Les jeunes gens qui m’accompagnent sont émus. Tant de Français en cette terre allemande ! Tant de fidélité dans le souvenir ! En ce champ sacré, ils perçoivent comme le présent que nous venons construire se noue indissolublement au passé.


15 novembre.

Les Comédiens Français jouent maintenant en Rhénanie presque en permanence. Voici Mlle Géniat et Brunot qui donnent Ruy Blas en toutes les villes occupées ; l’autre jour c’était de Max avec Britannicus, et Silvain avec Tartuffe ; on annonce prochainement Duflos et de Féraudy. Tour à tour, paraît-il, nos meilleurs acteurs viendront sur le Rhin représenter les chefs-d’œuvre du répertoire. L’Opéra enverra aussi, pour de grands concerts, ses plus fameux chanteurs qu’accompagneront les musiciens les plus consacrés.

Nulle méthode de pénétration ne peut être meilleure.
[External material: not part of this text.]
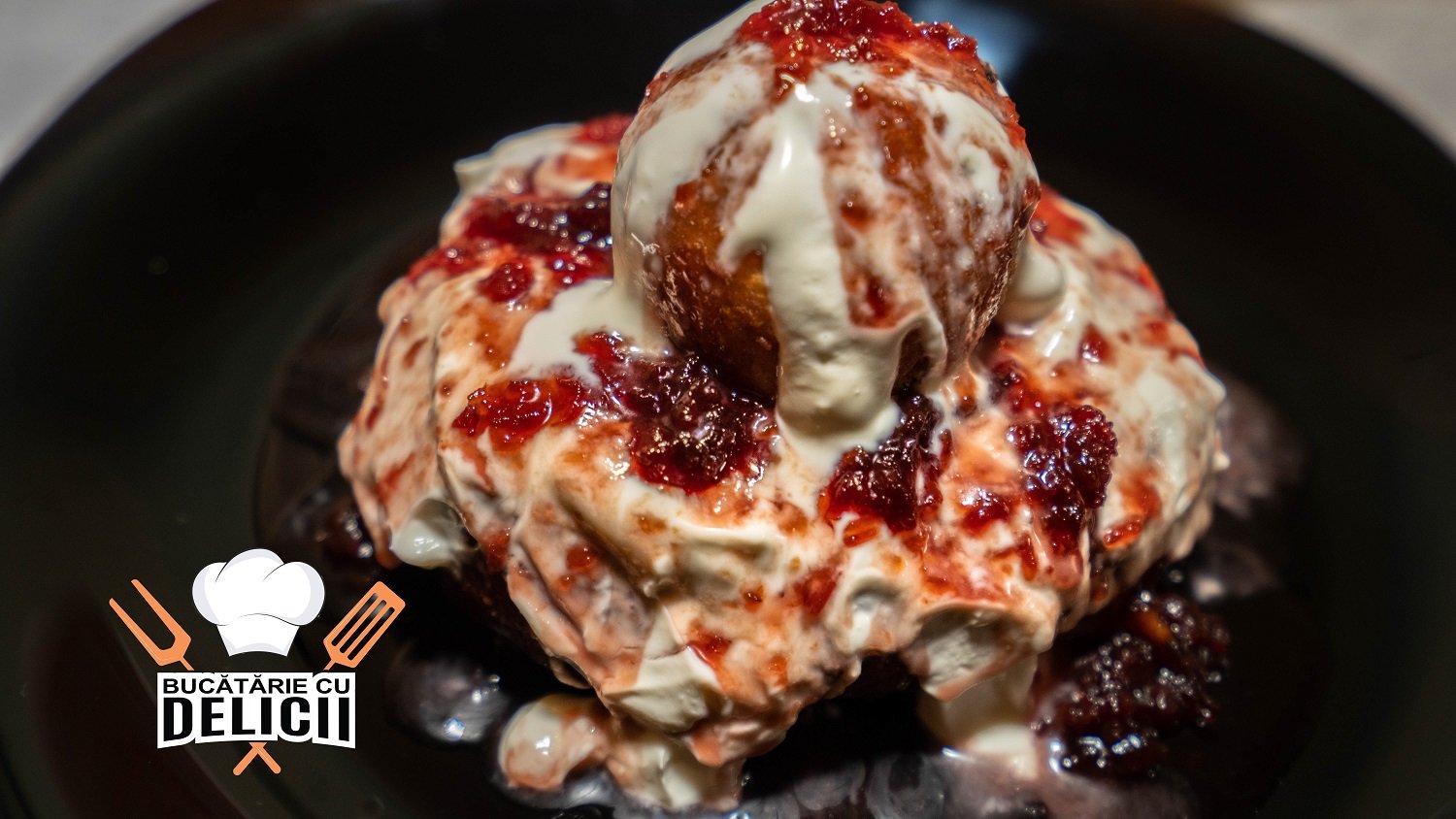 Papanași prăjiți cu brânză, smântână și dulceață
L’autre soir, à Britannicus, j’avais à mes côtés une jeune Mayençaise, en blanche toilette : la passion avec laquelle elle suivait le débit et les jeux de scène, la frénésie avec laquelle, aux fins d’acte, elle applaudissait, quel merveilleux témoignage du sens universel qu’ont gardé nos classiques ! Si les pièces sont bien choisies, dans quelques mois, ce ne sera pas, comme à présent, une petite élite, mais toute la ville qui viendra à Racine.

Pour les concerts, comment douter qu’ils n’attirent cette race musicienne ? Déjà leurs théâtres, quand ils veulent les grandes recettes, affichent Carmen, Mignon ou Faust, fit leurs amateurs regrettent de ne point entendre Rameau, Berlioz ou nos modernes, et ils se plaignent que nos grands artistes ne viennent plus ici.


23 novembre.

Tout Mayence, aussi bien Français que Rhénans, s’est rendu hier à la séance de danse que donne, sous la direction du chef d’orchestre mayençais Albert Jerter, une artiste rhénane, Mlle Adrienne Hacker. La musique, connue toujours, est fort bonne, et le Kappelmeister sait mener son orchestre.